◆ Source information ◆
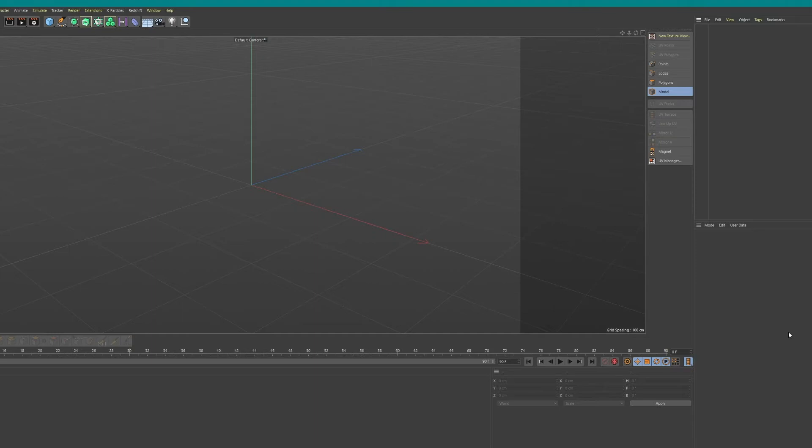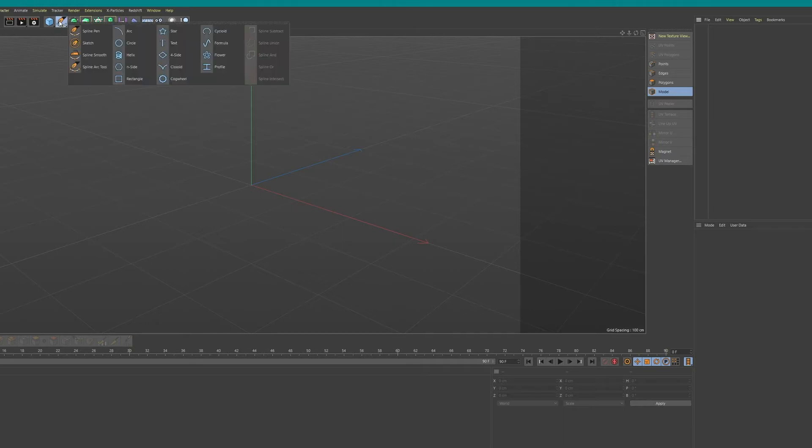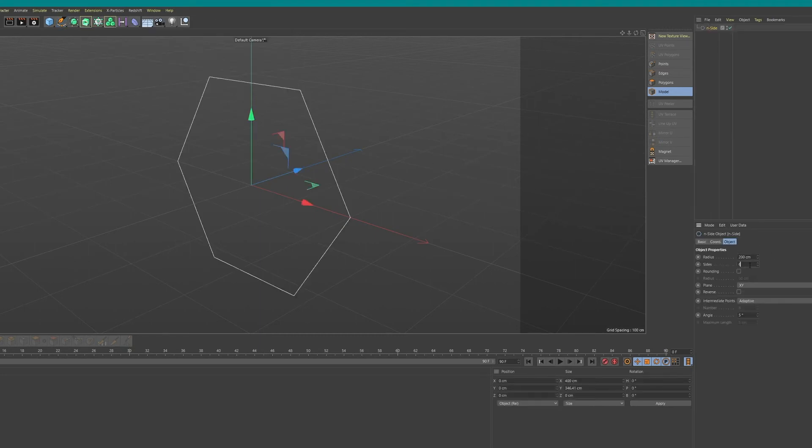Whenever I watch a tutorial on YouTube I see people struggling with this. They create all kinds of ways to create a straight line. It's very easy, just select the end side and put the sides on two, that's it really.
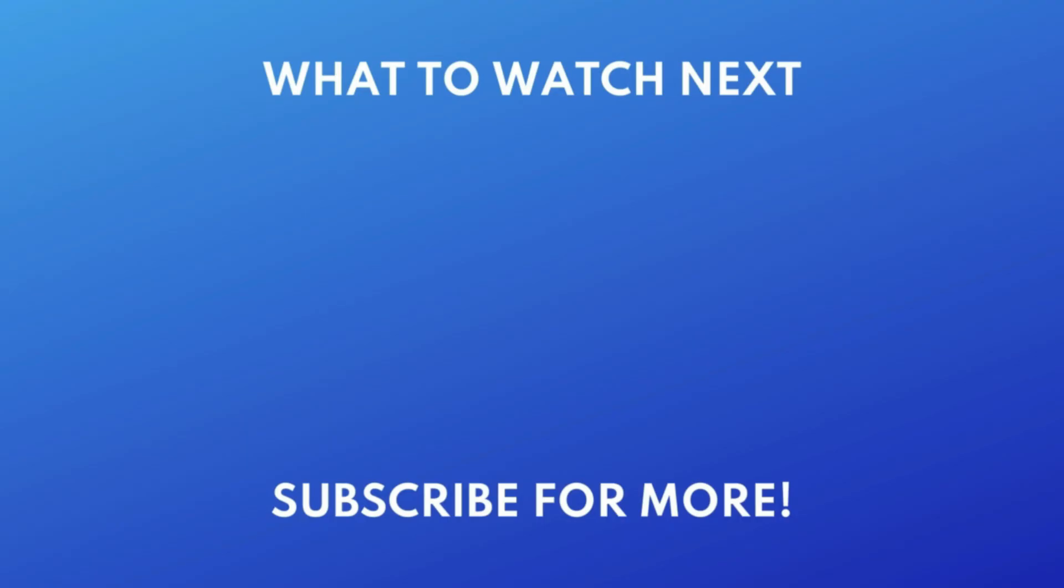Thanks for watching. If you found this video helpful, we'd love it if you'd hit the thumbs up button below and subscribe to our channel. We put out great new tech tutorials like this one every week.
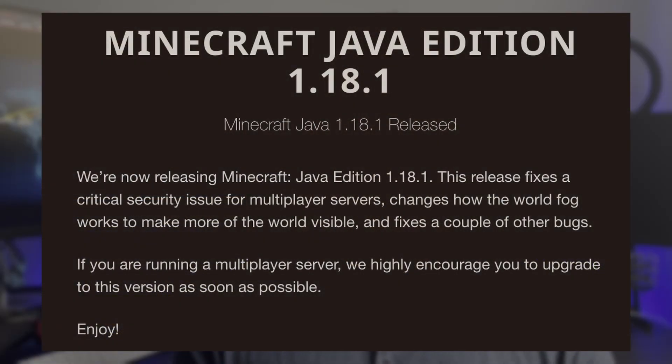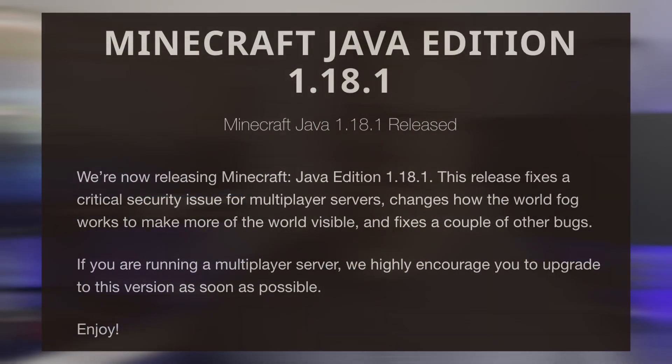If you are running or playing on a Minecraft server, make sure that you are using version 1.18.1 or greater. Mojang already released an update and patch for this, so make sure you are up to date and you should be fine. There is a caveat to that as well — hold on for that.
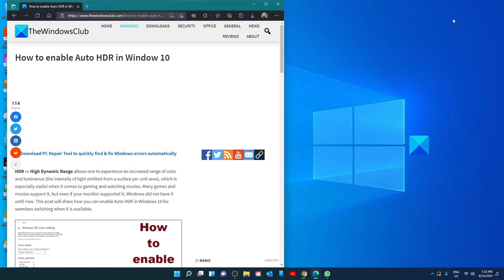Now, there are some slight differences in how you get there in Windows 10 and 11, so we'll show you each one.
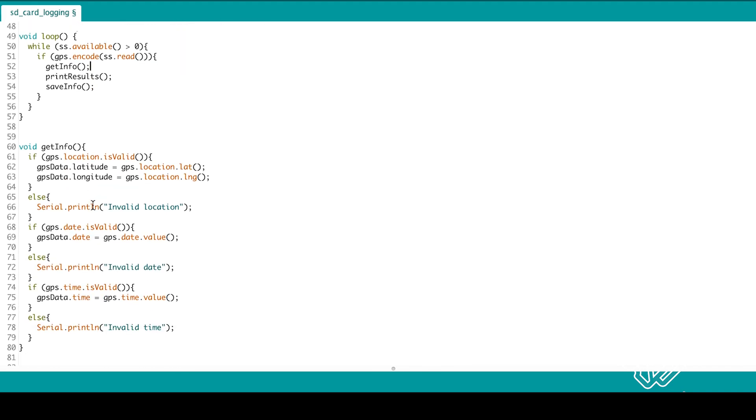Which looks at the information in the GPS instance and puts it into our struct. Then we print the results to the serial monitor. Then we save the information.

◆ To do ◆
Each entry above is to be written out again unchanged, apart from the pictures, which are left out.

◆ Output for this exercise ◆
Whenever I watch a tutorial on YouTube I see people struggling with this. They create all kinds of ways to create a straight line. It's very easy, just select the end side and put the sides on two, that's it really.
Thanks for watching. If you found this video helpful, we'd love it if you'd hit the thumbs up button below and subscribe to our channel. We put out great new tech tutorials like this one every week.
If you are running or playing on a Minecraft server, make sure that you are using version 1.18.1 or greater. Mojang already released an update and patch for this, so make sure you are up to date and you should be fine. There is a caveat to that as well — hold on for that.
Now, there are some slight differences in how you get there in Windows 10 and 11, so we'll show you each one.
Which looks at the information in the GPS instance and puts it into our struct. Then we print the results to the serial monitor. Then we save the information.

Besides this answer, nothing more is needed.